あの朝日新聞の勧誘め

 昨日に続いて私怨の怒り。でも今日のは本当に怒ってる。
 家の近所に朝日新聞の販売店がある関係で、頻繁に朝日新聞の勧誘員が家にやってきます。僕は新聞は現在必要としていないので「すみません、新聞は取らないんです。このご時世勧誘も大変ですね」と言ってお引取りいただくんですが、ひとりちょっと年の行った、偉そうな勧誘員におかしな奴がいる。その人以外は常識的でいい人たちばっかりなんだけどなあ。
 インターホンが鳴って、モニター越しに応対したら「引越しの挨拶で来ました」って言うんですよ。そりゃ出なきゃと思って玄関の扉開けるじゃないですか。そうしたら、「いやね、ウチの若いのがこのマンションに越してきて住んでるんですけど、自分朝日新聞の勧誘やってるんですよ。一石さん、新聞取らない?」とか言い出す。
 絶対嘘に決まってるじゃないかそんなの。
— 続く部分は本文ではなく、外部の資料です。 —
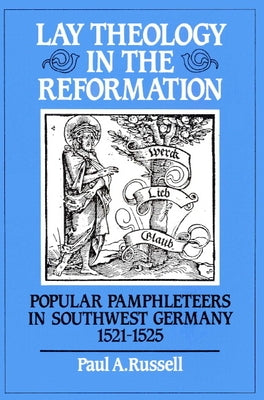 Lay Theology in the Reformation: Popular Pamphleteers in Southwest Germany 1521-1525 by Russell, Paul A.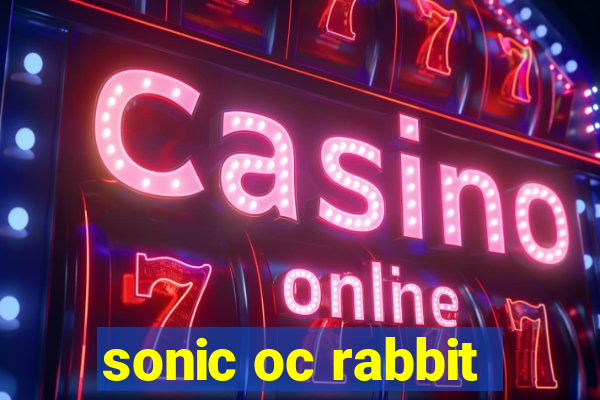 sonic oc rabbit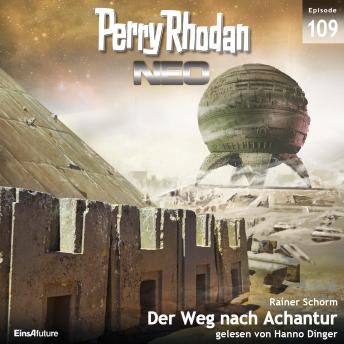 [German] - Perry Rhodan Neo 109: Der Weg nach Achantur: Die Zukunft beginnt von vorn
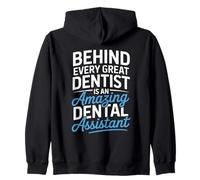Behind Every Great Dentist Is An Amazing Dental Assistant Zip Hoodie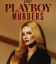Сериал Убийства в мире Playboy (2023)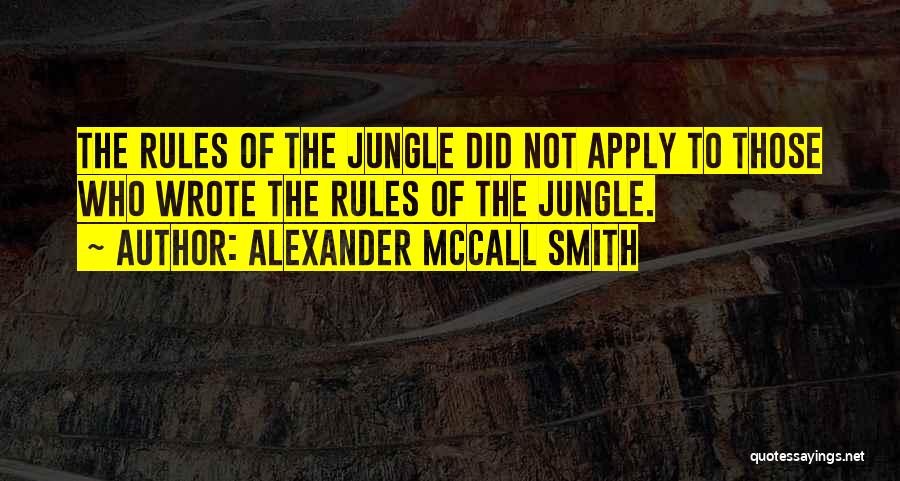 Alexander McCall Smith Quotes: The Rules Of The Jungle Did Not Apply To Those Who Wrote The Rules Of The Jungle.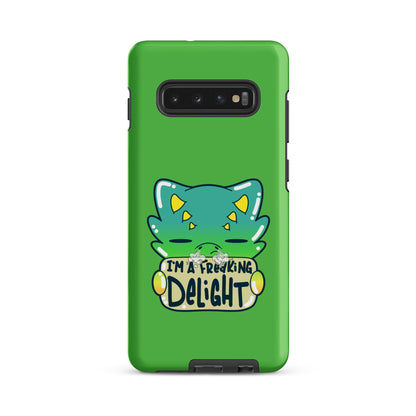 I AM A FREAKING DELIGHT - Tough case for Samsung® - ChubbleGumLLC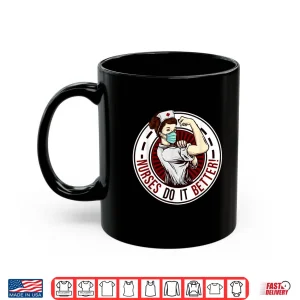 Funny Registered Nurse Nurses Do It Better Medical Nurse Shirt 3 Mug Funny Registered Nurse Nurses Do It Better Medical Nurse Shirt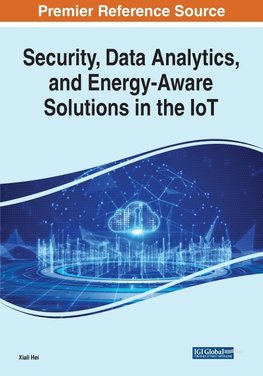 Security, Data Analytics, and Energy-Aware Solutions in the IoT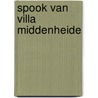 Spook van villa middenheide by Dam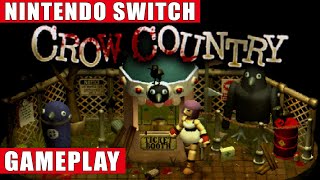 Famous Crow Country Nintendo Switch Gameplay Wealth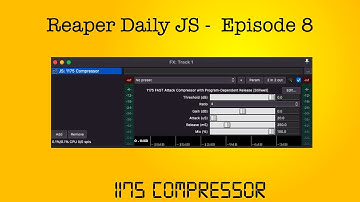Reaper Daily JS: Ep 8 - 1175 Compressor
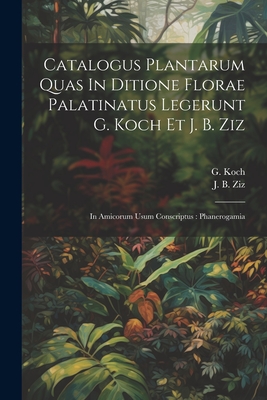 Catalogus Plantarum Quas In Ditione Florae Palatinatus Legerunt G. Koch Et J. B. Ziz: In Amicorum Usum Conscriptus: Phanerogamia - Koch, G, and J B Ziz (Creator)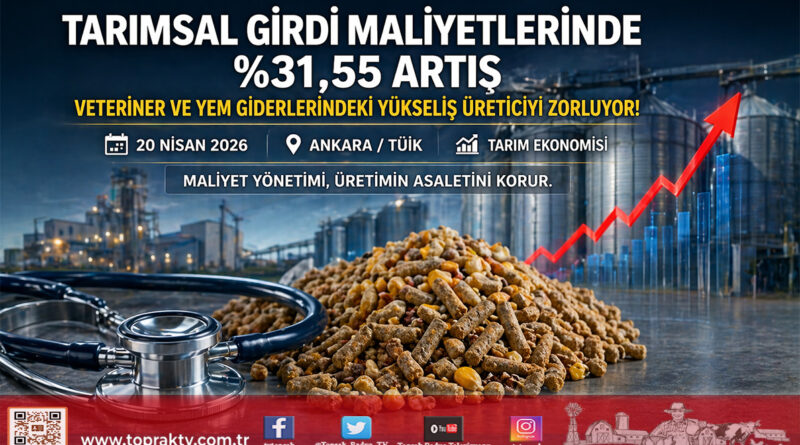 Tarım Girdi Fiyatlarında Şubatta Yıllık Artış %31,55: Veteriner ve Yem Giderleri Zirvede…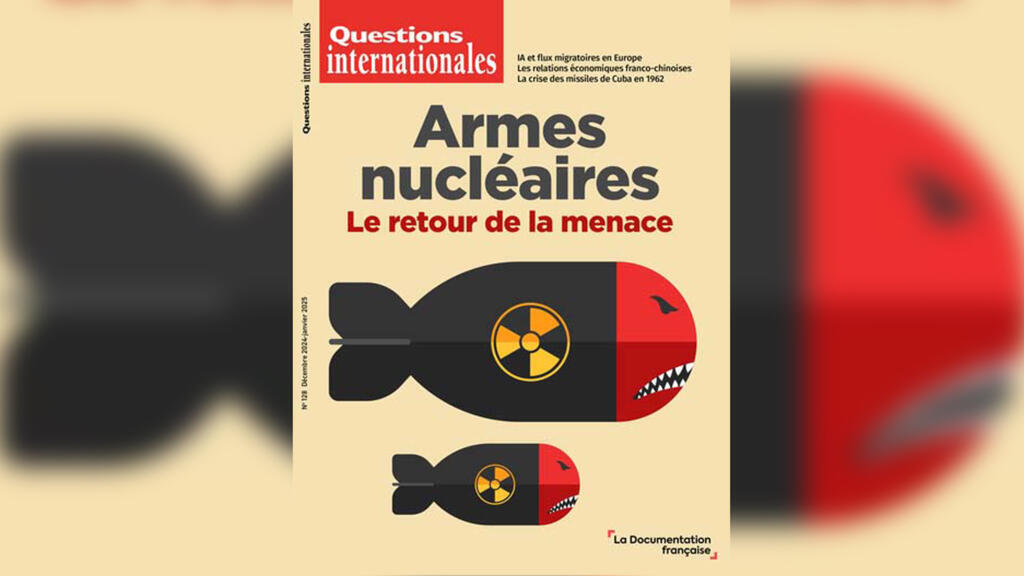 «Armes nucléaires, le retour de la menace».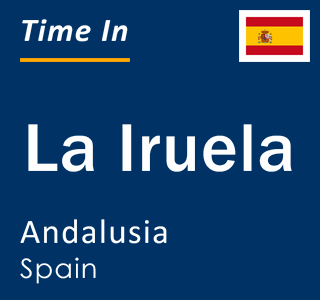 Current local time in La Iruela, Andalusia, Spain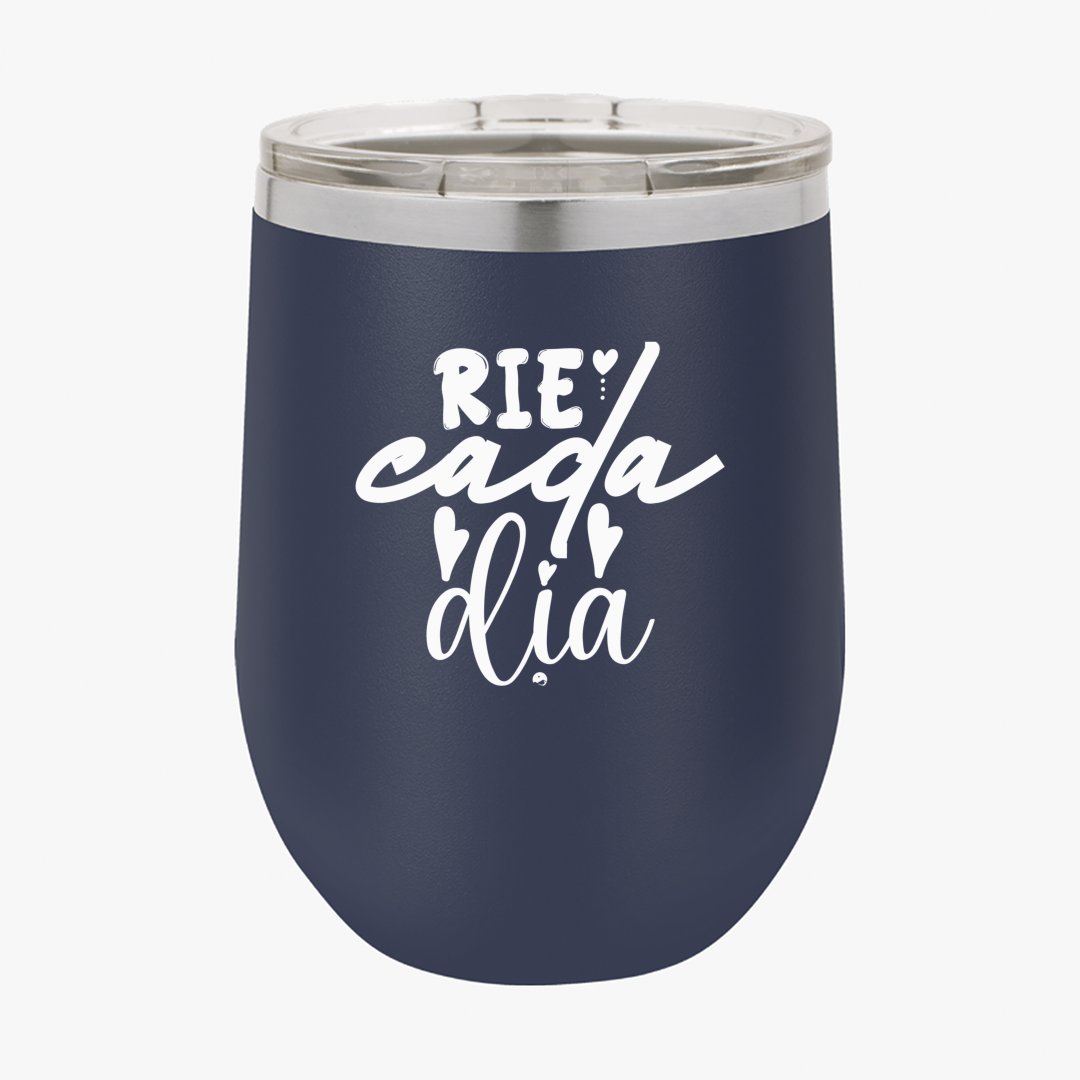 Wine Tumbler Rie Cada Dia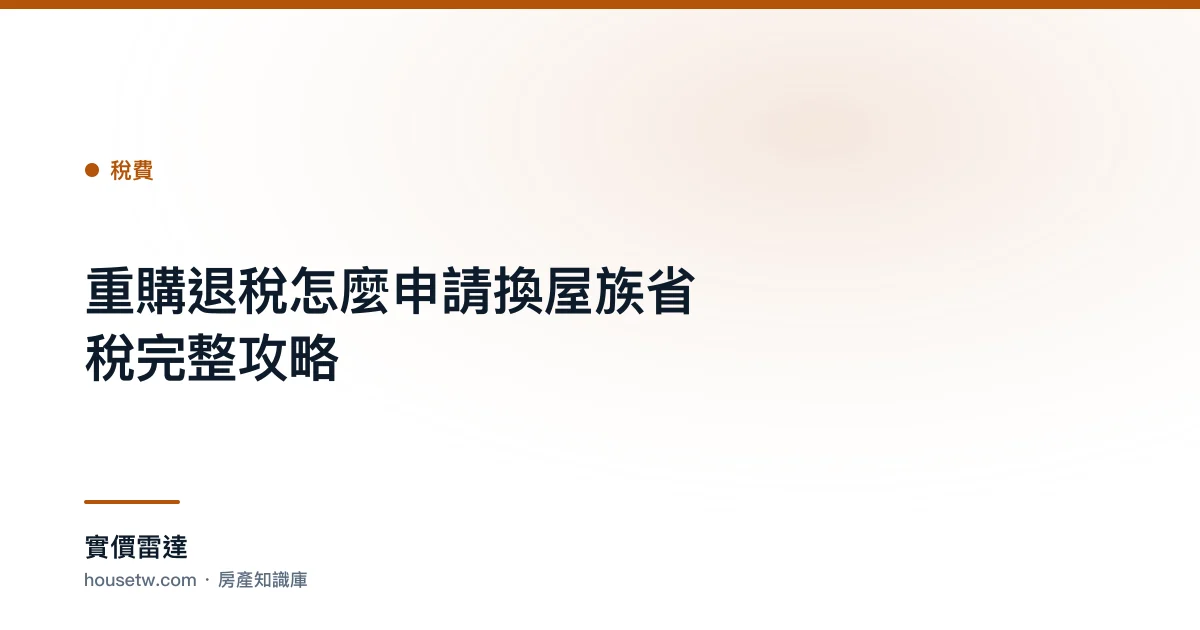 重購退稅怎麼申請?換屋族省稅完整攻略｜實價雷達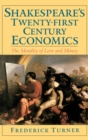 Shakespeare's Twenty-First Century Economics : The Morality of Love and Money - eBook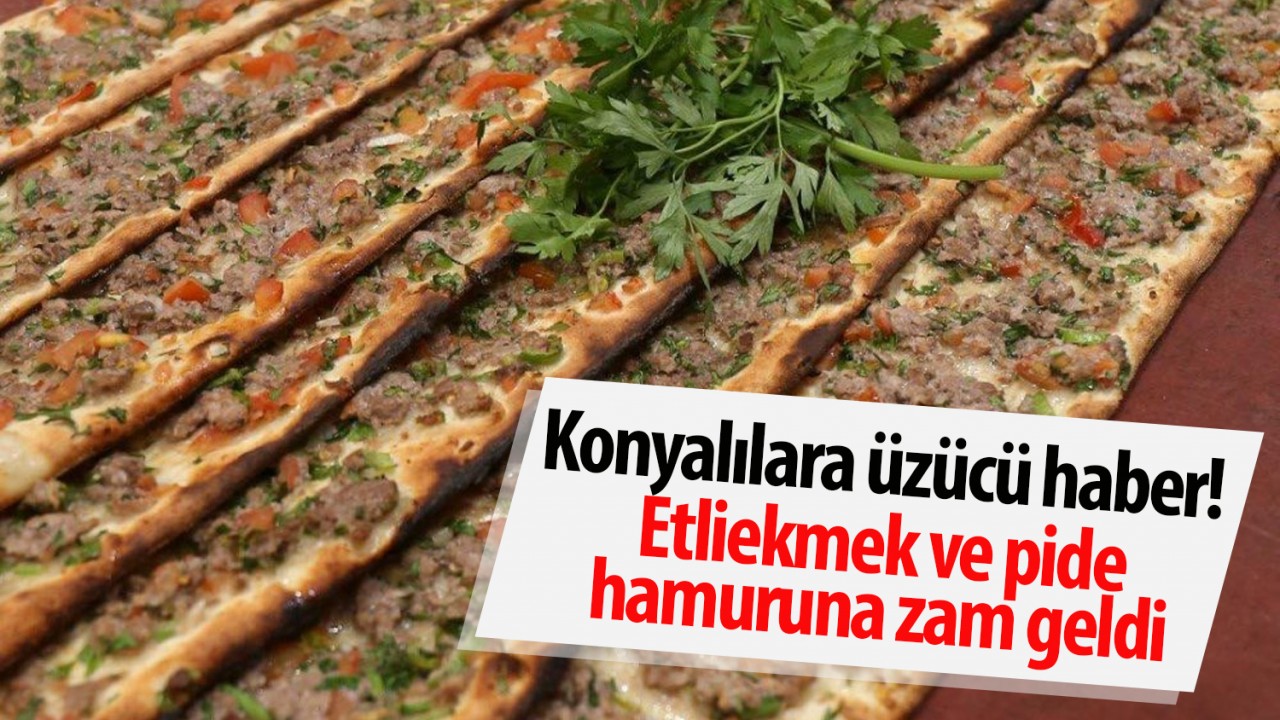 Konyalılara üzücü haber! Etliekmek ve pide hamuruna zam geldi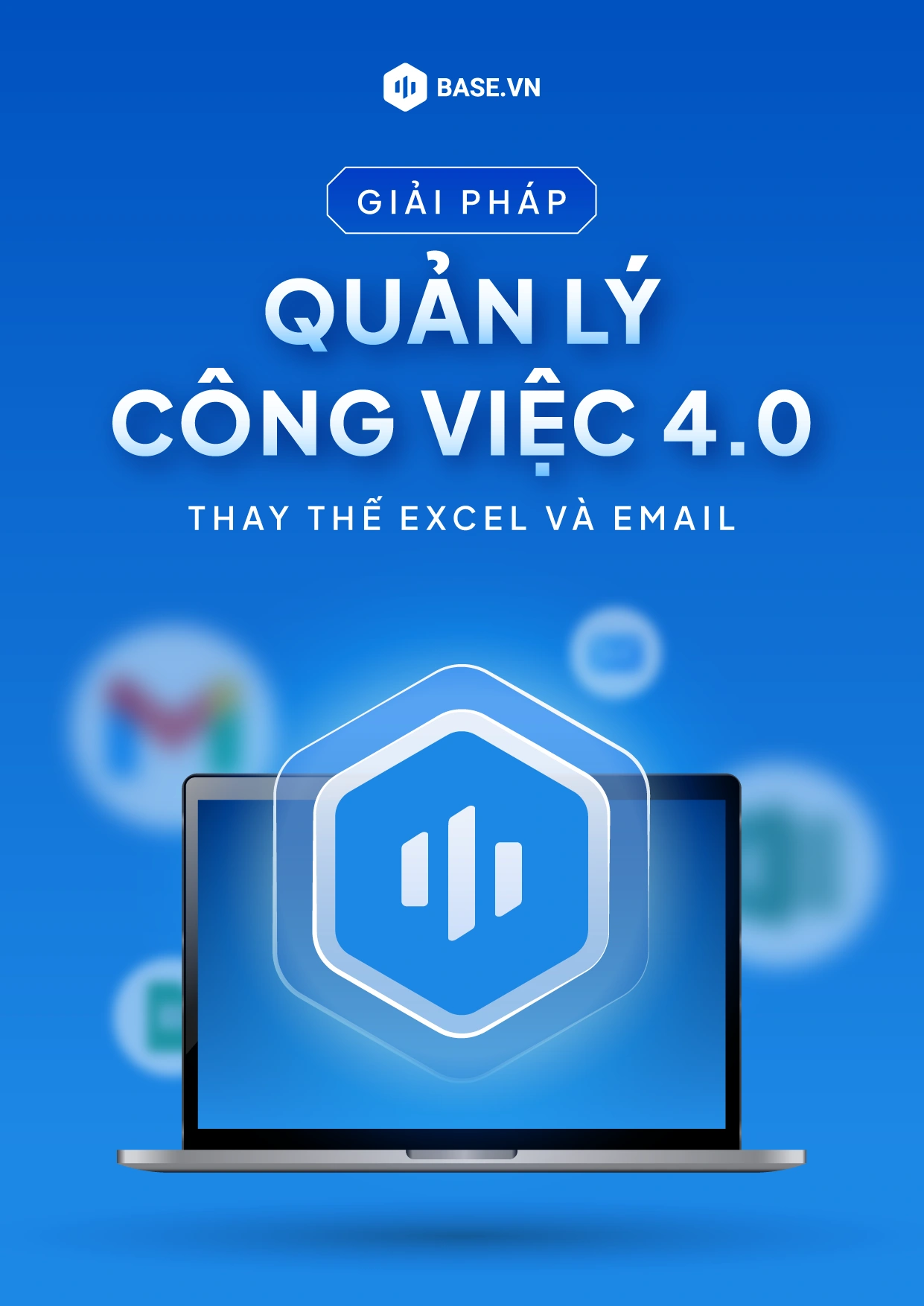 Giải pháp thay thế Excel & Email trong quản lý công việc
もしそれが本当なら、そのウチの若いのって人が直接勧誘に来るだろうし。そもそも「引越しの挨拶です」ってのが扉開けさせるための大嘘だし。
 あからさまに腹を立てて、「新聞は取る気ないんで」って言ってドア閉めて帰ってもらいました。


 そんなことがあったのが数ヶ月前だったかなあ。で、昨日。またインターホンが鳴って、モニターを覗いたらおっさんが玄関前にいた。
 「はい?」って出て話しかけると、「一石さん?」って僕の名前を呼ぶ。「なんでしょうか?」と聞くと「……なんですけど」とよく聞こえない。「あの、聞こえないんですけど、なんですか?」「……なんですよ」声が聞こえない。なんだよもう、水道屋が来る予定だから待ってるんだけど、その人か? と思っていぶかしがりつつも扉を開けてみる。
 ドアを開けたら相手はしっかり聞こえる声で喋り始める。ドア開けさせるために、わざと自分が何者なのかを濁して、声を小さくしていたってわけだ。途端に嫌悪感を感じて、同時に既視感も感じる。
 こいつ、引越しの挨拶だって言ってきたおっさんにやり口が似てるな。いや、こいつだ。こんな顔だったぞそう言えば。しかも外回りの訪問仕事にしては異常にタバコ臭くって、前に立っているだけで気持ちが悪くなる。うわ、そうだ。あのときの奴もこの臭いが鼻についた。
 おまけに「一石さんは、この辺に引っ越してきたのは最近なの?」とか言い始める。新聞の勧誘とは切り出さずに、まずは世間話的なところから攻めていこうってつもりなのかもしれないけど、おっさん前に会ったときにもその話したよ。というか、手口が姑息なだけじゃなくて、訪問した先の相手のことも何にも覚えてないんだな。どんだけ朝日新聞の勧誘員のイメージ下げるんだこのおっさんは。職場の仲間に迷惑かかるだろうがよ!
 揚々と話すおっさんの話を遮って、「何、新聞? 取らないよ」と言ってさっさと扉を閉めた。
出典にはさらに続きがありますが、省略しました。